2014年4月14日、いわき市スタディツアーに参加しました。
スタディツアー 旅程と現地での行程
いわき市は、福島県の中でも東京に近いので、朝イチの特急に乗れば、夕方過ぎには東京に帰れます。複数箇所を回って6時間近く現地で過ごします。
▼旅程
08:00 上野発 スーパーひたち
10:22 いわき着
↓ スタディツアー
16:16 いわき発 スーパーひたち
18:35 上野着
▼いわき市内 バスによる移動行程
1 久之浜地区 浜風商店街 語り部石川さんからのお話
2 四倉海岸 チャイルドハウスふくまる NPO法人ふくしま震災遺児・孤児をみまもる会 曽我泉美理事長からの説明
3 よつくら道の駅 昼食
4 いわき市市役所 福嶋あずさ市議会議員からの現状説明
5 薄磯地区 塩屋崎灯台
*車中にて、以下三名からのお話を聞く
吉田みきと市議会議員、いわき市社会福祉協議会強口会長、村岡福祉医療総合研究所村岡所長
中身の濃い、非常に有意義な1日でした。
▲ 吉田みきと市議会議員 いわき市出身、プライスウォーターハウスクーパーズから、震災後、いわき市に戻られた。

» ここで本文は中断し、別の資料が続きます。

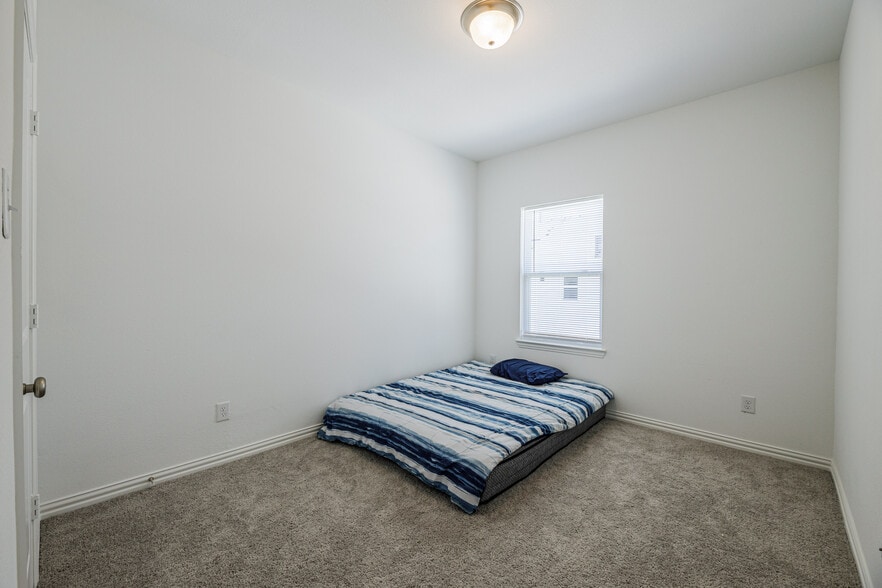 Building Photo - 9939 Schramm St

バスに乗り込んですぐ、吉田議員から、いわき市についてのレクチャーを受けました。まちの概要を聞いてから視察できるのも、スタディツアーのメリットのひとつ。吉田さんのお話から、印象に残った点をご紹介します。
被災 四重苦
いわき市は、面積がとても大きな市。JRいわき駅から市外へ出ようとすると、どの方角に向かってもクルマで30分かかるほど広い。震災の影響も場所によって様々。被災の四重苦を抱えているまち、と呼んでいるそうだ。地震、津波、原発、風評、の四つ。いわき市の各地区は、懸命に復興に取り組んでいる。福島県では原発周辺から北側の状況はよくニュースで耳にしていたが、いわき市の四重苦については、全く知らなかった。
いびつな経済状況
経済状況は非常に、いびつな状況が続いている。除染や建設関連の業界が中心となって、今のいわき市の経済を支えている。ひとりの応募に対し、五社が採用を取りに行くイメージ。一方、事務方仕事の求人倍率は、0.5倍程度でしかないとのこと。震災前、いわき市の主な産業のひとつだった近海漁業は、現在は自粛。漁師たちは、苛立っている。汚染水の問題はコントロールできない。見守るしかない。
多くの長期避難者を抱える影響
原発事故などの理由でいわき市へ長期避難している人は、およそ2.3万人に及ぶ。震災後、土地の価格が高騰し、家を建てられない方が非常に多い。さらに、医者が足りない状況が深刻化している。救急車を呼んでも、医者がおらず、1時間以上かけて市外の病院まで搬送するケースもあるという。そのため、吉田議員は、いわき市の医療問題に深く取り組んでいるそうです。
その他の体験
▲ 語り部石川さん 発災当時の様子を、多くの写真を見せていただきながら、詳しく教えていただいた
▲ 久之浜 秋義神社 あたり一面何もない海岸に、ぽつんと残った神社。津波の脅威を耐え抜いた奇跡
▲ チャイルドハウス 吉川晃司、布袋寅泰のチャリティコンサート寄付で建設、外で遊べない子どもたちのための室内遊び場 4月26日オープン予定
▲ 海鮮丼 美味しかった!
▲ 薄磯地区 丸三年経った今でも、荒れ果てた土地が果てしなく続いている。復興は、まだまだ先なのだろうか。
訪れる地域によって、各々復興への課題が少しずつ異なっている印象を受けました。いわき市内だけでこのような状況なのだから、東北全体の課題は、本当に千差万別なのでしょう。ベストマッチな支援を続けるには、個々に異なる現地のニーズをいかにきめ細かく吸い上げることができるか。そのことの大切さを、改めて感じることができました。
スタディツアーのススメ
震災以降、これまで一度も被災地に足を運ぶ機会がなかった人。心にずっともやもやした気持ちが残っている。そういうヒトも多いのではないでしょうか。今回、私が参加したものとは、内容は異なりますが、無料で用意されているスタディツアーもあります。自分の目で被災地の現状を見つめ、当時の状況といま、これからについてナマの言葉を聞くことのできる、貴重な体験です。
みなさんもぜひ、参加されてみてはいかがでしょうか。
最後までお読みいただき、ありがとうございます。